Face and neck cooling has been found effective in improving thermal comfort during exercise in the heat despite the fact that the surface area of human face and neck regions accounts for only 5.5% of the entire body. Presently very little documented research has been conducted to investigate cooling the face and neck only to improve indoor thermal comfort. In this study, two highly energy efficient wearable face and neck cooling fans were used to improve occupant thermal comfort in two warm indoor conditions (30 and 32 °C). Local skin temperatures and perceptual responses while using the two wearable cooling fans were examined and compared. Results showed that both cooling fans could significantly reduce local skin temperatures at the forehead, face and neck regions by up to 2.1 °C. Local thermal sensation votes at the face and neck were decreased by 0.82–1.21 scale unit at the two studied temperatures. Overall TSVs decreased by 1.03–1.14 and 1.34–1.66 scale units at 30 and 32 °C temperatures, respectively. Both cooling fans could raise the acceptable HVAC temperature setpoint to 32.0 °C, resulting in a 45.7% energy saving over the baseline HVAC setpoint of 24.5 °C. Furthermore, occupants are advised to use the free-control cooling mode when using those two types of wearable cooling fans to improve thermal comfort.
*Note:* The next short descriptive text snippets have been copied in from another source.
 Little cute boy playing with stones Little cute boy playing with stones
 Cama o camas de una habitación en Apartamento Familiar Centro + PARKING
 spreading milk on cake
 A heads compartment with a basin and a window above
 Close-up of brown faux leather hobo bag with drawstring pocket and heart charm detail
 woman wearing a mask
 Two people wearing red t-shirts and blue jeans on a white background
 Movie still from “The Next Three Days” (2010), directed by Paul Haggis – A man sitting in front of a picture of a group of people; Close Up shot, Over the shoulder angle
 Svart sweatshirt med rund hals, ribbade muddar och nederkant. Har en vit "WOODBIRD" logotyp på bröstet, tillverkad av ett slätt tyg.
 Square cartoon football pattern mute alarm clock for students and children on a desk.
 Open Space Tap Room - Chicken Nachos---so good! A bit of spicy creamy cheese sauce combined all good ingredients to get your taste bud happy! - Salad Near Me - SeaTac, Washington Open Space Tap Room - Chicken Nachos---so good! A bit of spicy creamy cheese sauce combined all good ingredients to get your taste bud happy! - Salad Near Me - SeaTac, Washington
Finally, despite some issues on dry eyes and dry lips associated with those wearable cooling fans, it is concluded that those two highly energy-efficient wearable cooling fans could greatly improve thermal comfort and save HVAC energy.

Suggested Citation

  • Bin Yang & Tze-Huan Lei & Pengfei Yang & Kaixuan Liu & Faming Wang, 2021. "On the Use of Wearable Face and Neck Cooling Fans to Improve Occupant Thermal Comfort in Warm Indoor Environments," Energies, MDPI, vol. 14(23), pages 1-15, December.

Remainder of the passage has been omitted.